There are several important examples of work which look at applications of agent-based modelling to social science, beginning with the seminal work of Schelling (1971, 1978). More recently, a specialised field of social simulation has emerged (Epstein & Axtell, 1996; Gilbert & Tierna, 2000), as has the analytical sociology research programme (Hedström & Swedberg, 1998; Hedström, 2005). Recently, the topic was explored, and the field thoroughly reviewed by Silverman (2018). As mentioned above, the pioneering demographic book advocating the use of agent-based models (Billari & Prskawetz, 2003) was followed by subsequent extensions and updates (e.g. Billari et al., 2006; van Bavel & Grow, 2016). In parallel, microsimulation models have been developed and extensively applied (for an overview, see e.g. Zaidi et al., 2009; Bélanger & Sabourin, 2017). In migration research, several examples of constructing agent-based models exist, such as Kniveton et al. (2011) or Klabunde et al. (2017), with a more detailed survey of such models offered in Chap. 3.

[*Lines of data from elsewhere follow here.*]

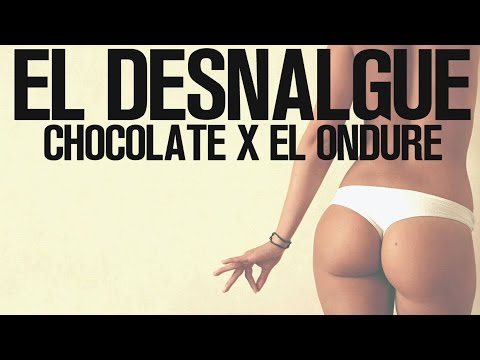 Chocolate El Tanke Ft. El Ondure - El Desnalgue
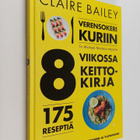 Clare Bailey : Verensokeri kuriin 8 viikossa : keittokirj... - pikkukuva 1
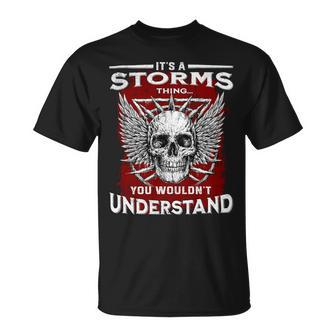 Its A Storms Thing You Wouldnt Understand Storms Last Name Unisex T-Shirt - Seseable
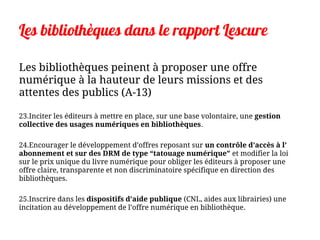 Les bibliothèques dans le rapport Lescure
Les bibliothèques peinent à proposer une offre
numérique à la hauteur de leurs missions et des
attentes des publics (A-13)
23.Inciter les éditeurs à mettre en place, sur une base volontaire, une gestion
collective des usages numériques en bibliothèques.
24.Encourager le développement d’offres reposant sur un contrôle d’accès à l’
abonnement et sur des DRM de type “tatouage numérique” et modifier la loi
sur le prix unique du livre numérique pour obliger les éditeurs à proposer une
offre claire, transparente et non discriminatoire spécifique en direction des
bibliothèques.
25.Inscrire dans les dispositifs d’aide publique (CNL, aides aux librairies) une
incitation au développement de l’offre numérique en bibliothèque.
 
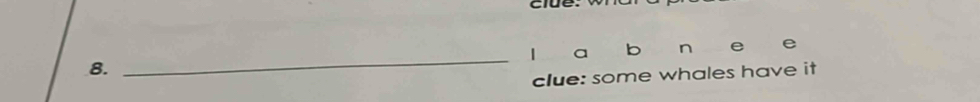 a b n e 
8. 
_ 
clue: some whales have it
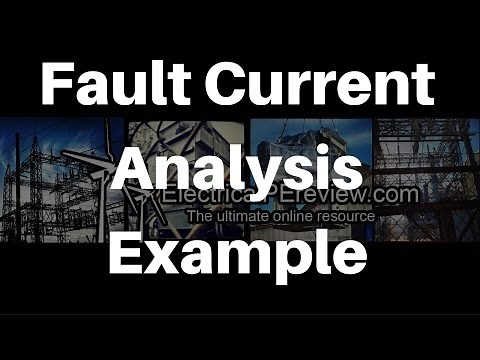 IV.A.5. Fault Current Analysis Example - NCEES Electrical Power PE Exam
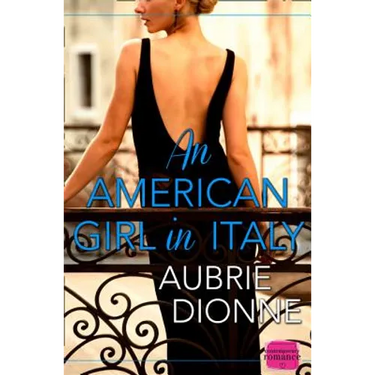 An American Girl in Italy: Harperimpulse Contemporary Romance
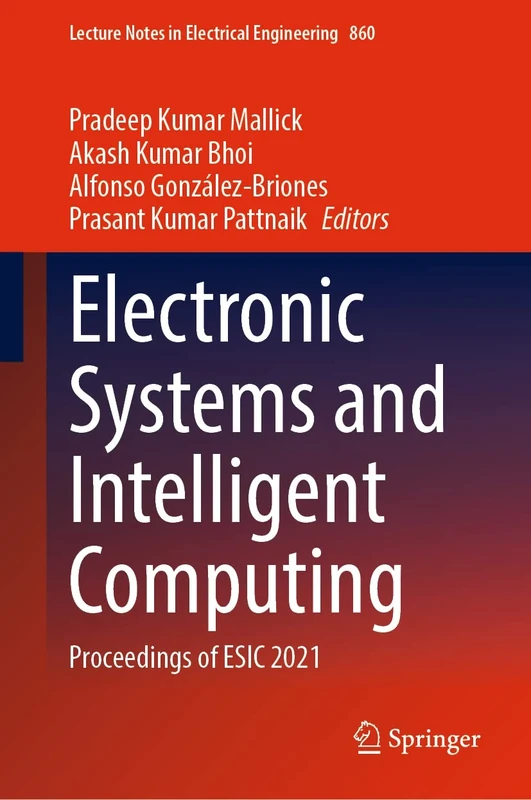 Electronic Systems and Intelligent Computing: Proceedings of ESIC 2021: 860 (Lecture Notes in Electrical Engineering, 860)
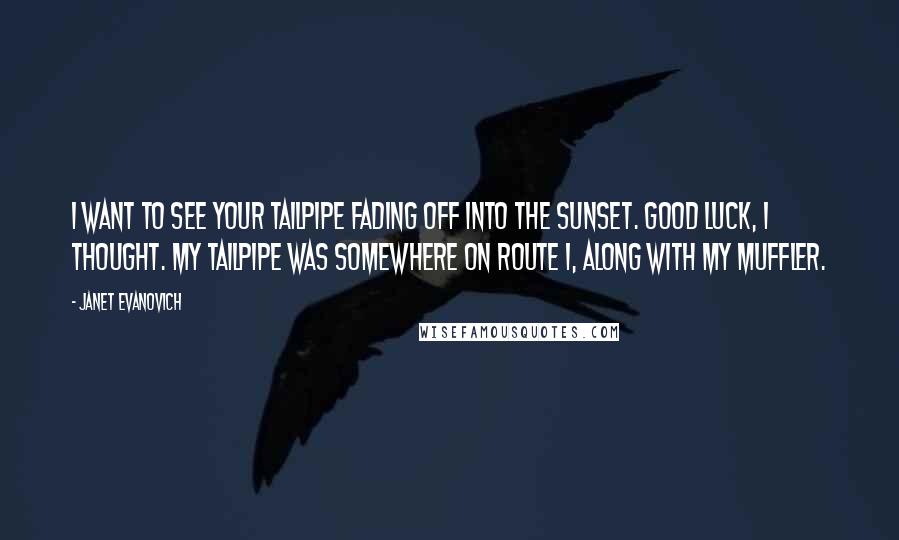 Janet Evanovich Quotes: I want to see your tailpipe fading off into the sunset. Good luck, I thought. My tailpipe was somewhere on Route 1, along with my muffler.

In general, agent-based models have complex and non-linear structures, which prohibit a direct analysis of their outcome uncertainty. Promising methods which could enable indirect analysis include Gaussian process (GP) emulators or meta-models – statistical models of the underlying computational models (Kennedy & O’Hagan, 2001; Oakley & O’Hagan, 2002), or the Bayesian melding approach (Poole & Raftery, 2000), implemented in agent-based transportation simulations (Ševčíková et al., 2007). In demography, prototype GP emulators have been tested on agent-based models of marriage and fertility (Bijak et al., 2013; Hilton & Bijak, 2016). A general framework for their implementation is that of (Bayesian) statistical experimental design (Chaloner & Verdinelli, 1995), with other approaches that can be used for estimating agent-based models including, for example, Approximate Bayesian Computations (Grazzini et al., 2017). A detailed discussion, review and assessment of such methods follows in Chap. 5.

Before embarking on the modelling work, it is worth ensuring that the outcomes – models – have realistic potential for increasing our knowledge and understanding of demographic processes. The discussion about relationship between modelling and the main tenets of the scientific method remains open. To that end, we discuss the epistemological foundations of model-based approaches next, with focus on the question of the origins of knowledge in formal modelling.

5 Philosophical Foundations: Inductive, Deductive and Abductive Approaches

There are several different ways of carrying out scientific inference and generating new knowledge. The deductive reasoning has been developed through millennia, from classical syllogisms, whereby the conclusions are already logically entailed in the premises, to the hypothetico-deductive scientific method of Karl Popper (1935/1959), whereby hypotheses can be falsified by non-conforming data. The deductive approaches strongly rely on hypotheses, which are dismissed by the proponents of the inductive approaches due to their arbitrary nature (Courgeau et al., 2016).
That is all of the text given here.